Sin embargo, nunca llegó la colaboración para encontrar y conocer el destino de los desaparecidos. Luego, hubo que esperar hasta el año 2022, para que otro excomandante en jefe del ejército, el general Ricardo Martínez, fuera más allá y responsabilizara directamente a Pinochet por las violaciones a los derechos humanos y en particular por el asesinato en Buenos Aires de su predecesor, el general Carlos Prats y su esposa. Hace unos días, ya en retiro, el general Martínez, publicó el libro titulado Un ejército de todos donde responsabiliza directamente a Pinochet como lo acaba de reafirmar en una entrevista donde señaló: «Creo firmemente, con mi formación, y con mi paso de más de 46 años en el Ejército de Chile, que la responsabilidad de todo lo que ocurrió la tiene el comandante en jefe de la época, el general Augusto Pinochet». Es la primera vez que ello ocurre, causando malestar en sectores de las fuerzas armadas que lo acusaron inmediatamente de traidor. ¿Y las otras instituciones? La Fuerza Aérea, la Armada y Carabineros, ¿qué han dicho luego de 33 años desde el término de la dictadura? Nada.

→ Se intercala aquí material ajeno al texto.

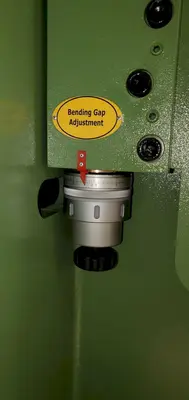 New CHICAGO Hydraulic Powered Box & Pan Bending Brake, Model HBP 6187-6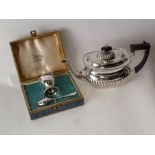 SILVER GEORGIAN STYLE BACHELOR TEA POT, with black wood insulator handle and finial, Chester 1901,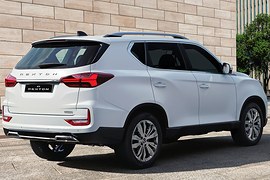 KGM Rexton: вид сзади сбоку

Así las cosas, la conmemoración de los 50 años del golpe de Estado muestra que la sociedad chilena continúa dividida, tal vez más que hace unos años atrás, con partidos de derecha que siguen justificando el golpe militar y con fuerzas armadas y Carabineros, que guardan absoluto silencio de su responsabilidad. Nada cambiará en el panorama político chileno mientras estos últimos no asuman plenamente y de manera conjunta -tal como actuaron al dar el golpe militar- la responsabilidad de sus instituciones en el quebrantamiento de la democracia, los horrores cometidos, colaboren en la búsqueda de los desaparecidos y desacralicen definitivamente la figura del dictador Augusto Pinochet.